Insoweit mit der Beweisrüge die erstgerichtliche Feststellung über den inländischen Marktanteil der klagenden Partei von 60 % angefochten werde, komme dieser Beurteilung keine entscheidungswesentliche Bedeutung zu.
Sei von einer Rückzahlungsverpflichtung der erstbeklagten Partei auszugehen, so treffe diese Verpflichtung auch die zweit- und drittbeklagte Partei, welche dieser Verbindlichkeit als Mitschuldner beigetreten seien. Wegen der Rechtswirksamkeit jener Vertragsbestimmungen, welche die Rückabwicklung im Fall der Beendigung des Vertrages regeln, komme den Fragen der Bereicherung keine entscheidungswesentliche Relevanz zu.
Die Revision der zweit- und drittbeklagten Partei ist berechtigt, nicht hingegen ihr Rekurs gegen den Aufhebungsbeschluss.
Getränkebezugsverträge, welche die Kriterien der Einzel- oder Gruppenfreistellung nicht erfüllen, können im Sinn des Art 81 EG (vormals Art 85 EGV) nichtig sein.
Der Europäische Gerichtshof hat im Zusammenhang mit der Beurteilung der Vereinbarkeit von Alleinbezugsverträgen für Bier mit Art 81 EG (Slg 1991 I 935 - Delimitis) den nationalen Markt für den Vertrieb von Bier in Gaststätten als sachlich und räumlich relevanten Markt bezeichnet und auf diesen abgestellt. Es entspricht ständiger Rechtsprechung, dass Urteile des Europäischen Gerichtshofs objektives Recht schaffen und die nationalen Gerichte auch in anderen als den Anlassfällen binden (SZ 69/56; ÖBl 1998, 250; ÖBl 1998, 344; WBl 2000/222).
Im vorliegenden Fall ist daher - wie schon in dem der Entscheidung WBl 2000/222 zugrundeliegenden Sachverhalt - der nationale Markt für den Vertrieb von Bier in Gaststätten relevant.
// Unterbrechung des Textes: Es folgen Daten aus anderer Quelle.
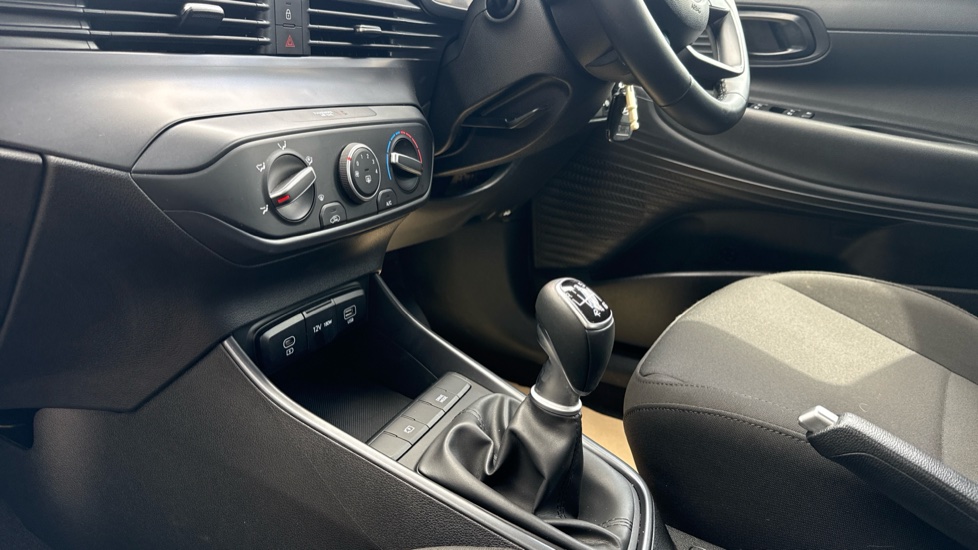 Hyundai i20 1.0T GDi Advance [Nav] 5dr Petrol Hatchback - Image 13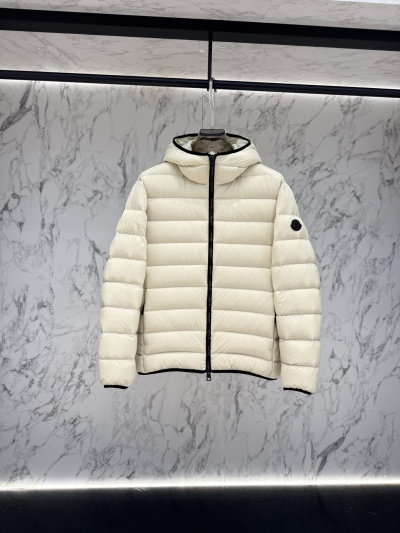 Пуховик Moncler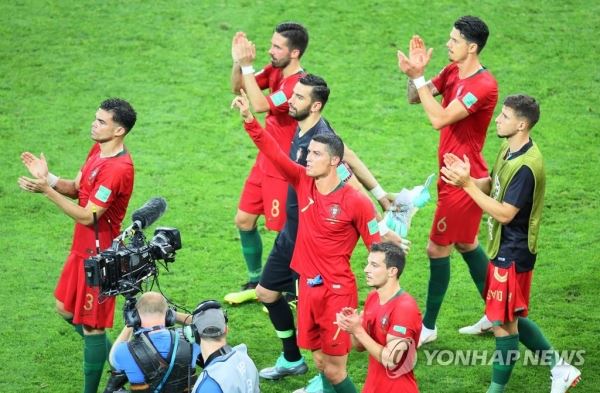 천신만고 3-3 동점에 기뻐하는 포르투갈(소치=연합뉴스) 진성철 기자 = 포르투갈 크리스티아누 호날두(가운데, 7) 등 포르투갈 선수들이 15일(현지시간) 러시아 소치 피시트스타디움에서 열린 2018 러시아월드컵 B조 1차전 스페인과 경기에서 3-3 동점으로 승부를 마친 뒤 기뻐하고 있다2018.6.16 zjin@yna.co.kr (끝)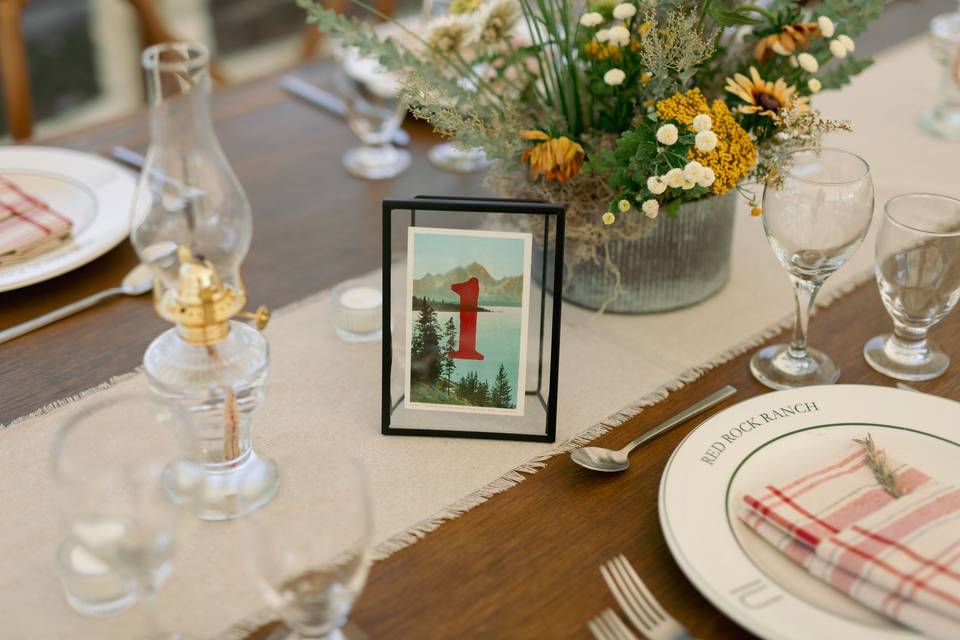 Table Setting (@homegrownvisua
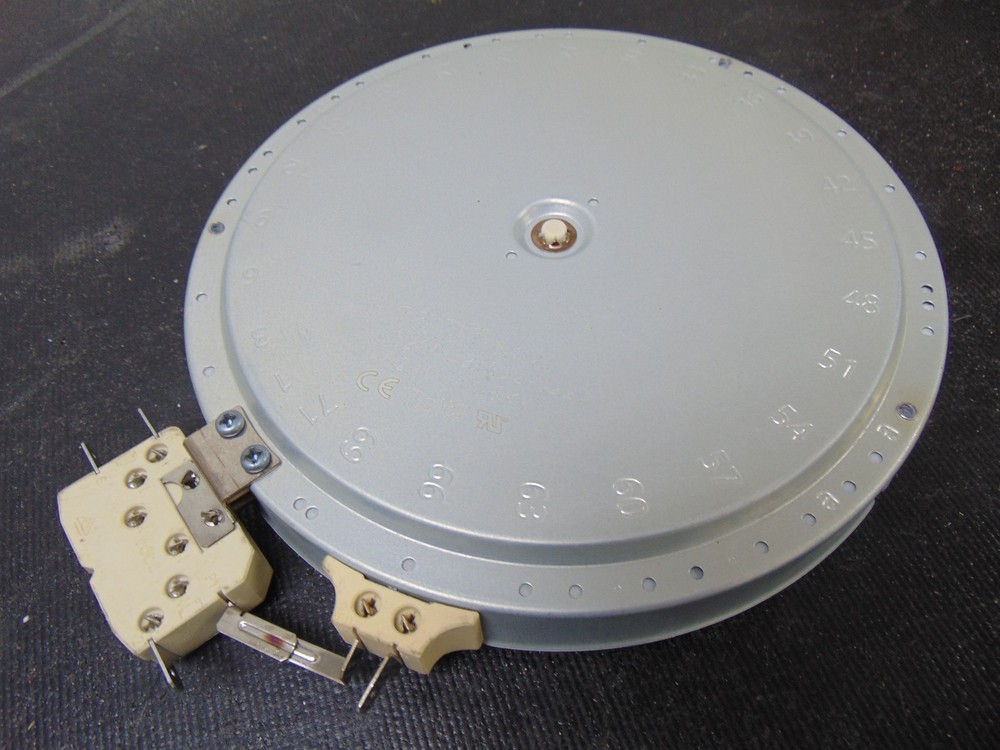 Element Range EER34MSCB 8" Surface Element JT200112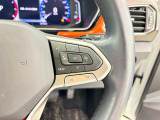 マルチファンクションスイッチつきの本革巻きステアリングは、より安全な長時間ドライブをサポートします。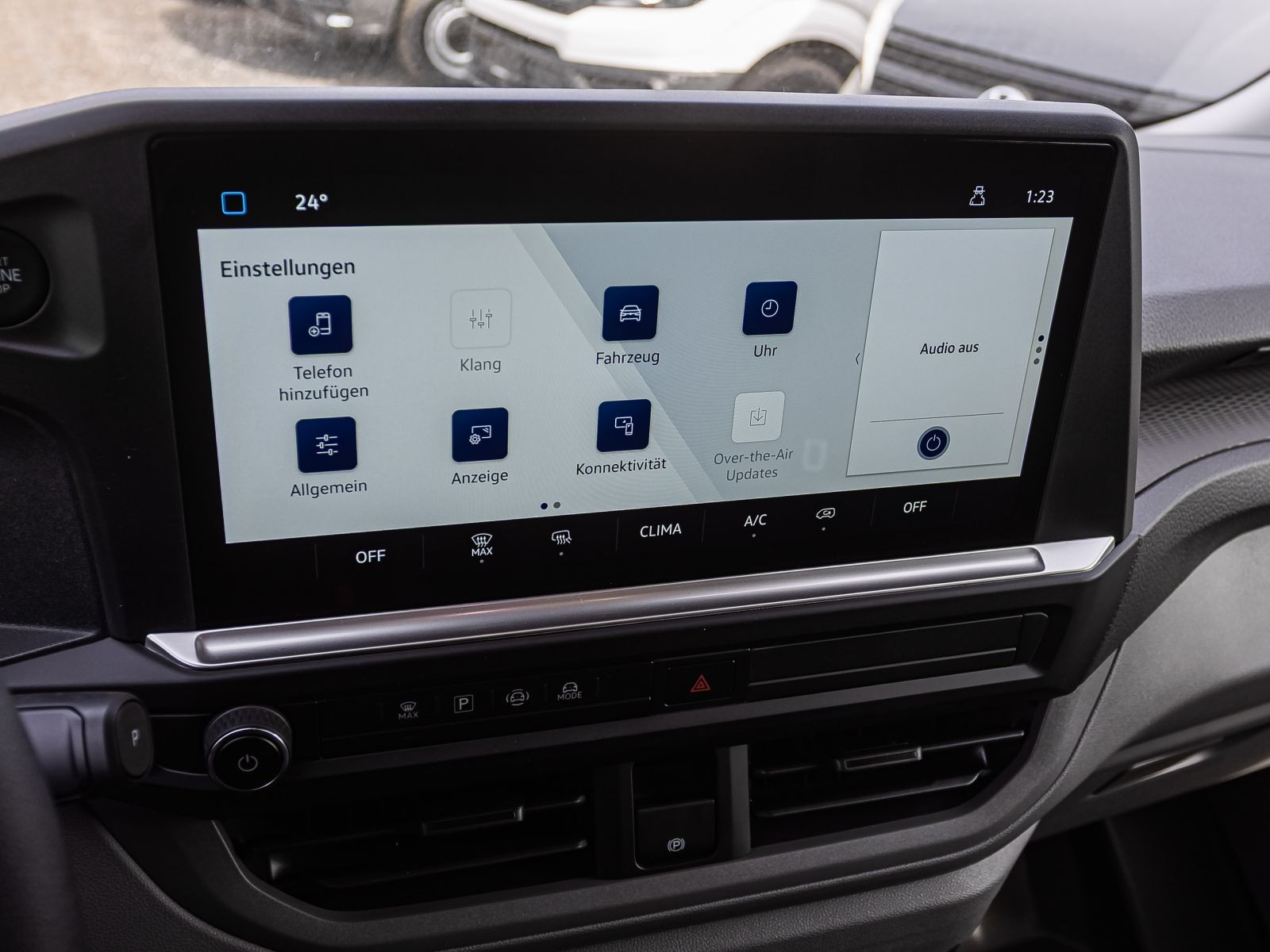 Volkswagen Transporter Kasten 2.0 TDI LR LED GRA AHK EPH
Nach Art 81 Abs 1 EG (vormals Art 85 Abs 1 EGV) sind mit dem gemeinsamen Markt unvereinbar und verboten ua alle Vereinbarungen zwischen Unternehmen, die den Handeln zwischen den Mitgliedstaaten zu beeinträchtigen geeignet sind und eine Verhinderung, Einschränkung oder Verfälschung des Wettbewerbs innerhalb des gemeinsamen Marktes bezwecken oder bewirken. Gemäß Art 81 Abs 2 EG (vormals Art 85 Abs 2 EGV) sind die nach diesem Artikel verbotenen Vereinbarungen nichtig. Die betreffende Vereinbarung muss einerseits geeignet sein, den Handel zwischen Mitgliedsstaaten spürbar zu beeinträchtigen, andererseits muss sie eine spürbare Beschränkung des Wettbewerbs innerhalb des gemeinsamen Marktes bewirken. Der EuGH prüft das Erfordernis der "Spürbarkeit" wie auch jenes der Handelsbeeinträchtigung und Wettbewerbsbeschränkung im wirtschaftlichen und rechtlichen Gesamtzusammenhang der Vereinbarung, ihrer Zwecke und Wirkungen und berücksichtigt dabei auch den kumulativen Effekt bestehender Parallelverträge. Der Oberste Gerichtshof hat bereits in ständiger Rechtsprechung (zuletzt WBl 2000/222 mwN) dargelegt, welche Prüfung im Besonderen bei Bierlieferungsverträgen erforderlich ist (s hiezu auch Eilmansberger,
Die Bedeutung der Art 85 und 86 EG-V für das österreichische Zivilrecht, in Koppensteiner, Österreichisches und europäisches Wirtschaftsprivatrecht Teil 6/1: Wettbewerbsrecht - Kartellrecht 42, besonders FN 124, mwN). Danach ist Folgendes maßgeblich:
Die in Art 81 EG vorgesehenen Rechtsfolgen setzen im Einzelfall nicht den Nachweis voraus, dass die verpönte Maßnahme den Handel zwischen Mitgliedsstaaten tatsächlich beeinträchtigt; es genügt vielmehr, dass sie geeignet ist, eine derartige Wirkung zu entfalten. Eine Beeinträchtigung bzw die Eignung zu dieser ist dann anzunehmen, wenn sich anhand einer Gesamtheit objektiver rechtlicher oder tatsächlicher Umstände mit hinreichender Wahrscheinlichkeit voraussehen lässt, dass die Maßnahme den Warenverkehr zwischen Mitgliedsstaaten unmittelbar oder mittelbar, tatsächlich oder potentiell beeinflussen und dadurch der Errichtung eines einheitlichen Marktes zwischen den Mitgliedsstaaten hinderlich sein kann.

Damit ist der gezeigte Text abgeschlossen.